Playing the Interest Rate Buydown Game

February 11, 2007 No Comments »

When seeking financing, homeowners often get fixated on a specific mortgage rate, usually something like 5.99% or a similar emotional threshold.

But buying down interest rates is more complicated than just an attractive rate or a specific number.

Homeowners really need to look at their long-term plan for the home before making the decision to buy down their interest rate. After all, buying down the interest rate is an upfront cost whose savings won’t be realized for many years to come.

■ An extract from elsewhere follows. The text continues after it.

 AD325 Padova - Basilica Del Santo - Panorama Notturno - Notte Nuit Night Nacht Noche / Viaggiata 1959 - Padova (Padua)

Let’s look at some interest rate buydown calculations. Imagine you’re offered a par rate of 6.25% on a $500,000 loan with no discount points. But you’ve convinced yourself that you want a rate of 5.99% at a cost of one point, otherwise known as 1% of the loan amount, in this case $5,000.

If you make the interest only payment each month, you’ll save $108.84 a month if you choose to buy down the interest rate to 5.99%. But how long will it take to make up for the upfront cost of $5,000? About 46 months, or just under four years.

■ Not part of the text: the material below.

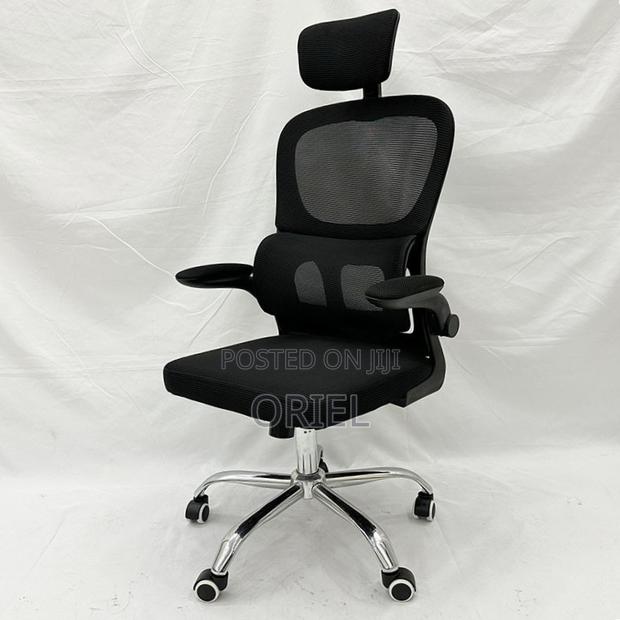 Office Chair : Adjustable Armrest Computer Office Ergonomic Chair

That’s where things get interesting. You need to decide how long you plan to stay in the home, and also how long you plan to stay in the loan.

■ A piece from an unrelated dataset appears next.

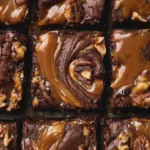 caramel pecan brownies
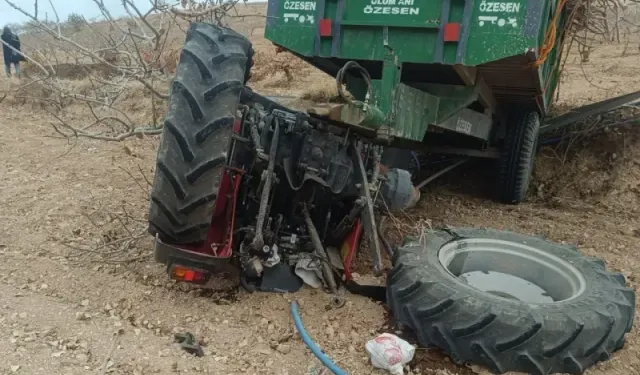 Freni Patlayan Traktör Kazaya Sebep Oldu: 3 Yaralı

If you sell your property or refinance your mortgage before those four years, you’ve essentially lost the buydown game. But if you stick around a bit longer, the buy down will begin to make a lot of sense.

One problem associated with a rate buydown is that many homeowners hold off on refinancing because they want to ensure they meet the savings they originally sought after. And this can lead to missed opportunities when interest rates drop and become more attractive.

Of course, much of the situation is uncontrollable because of an often unknown interest rate climate. Paying mortgage points may make a lot of sense if interest rates climb significantly in the years after you buy down your rate because you’ll likely stick with your current mortgage and see the savings through. The opposite is true in times when interest rates decline sharply.

In summary, take the time to analyze your situation to see if buying down your interest makes sense for you.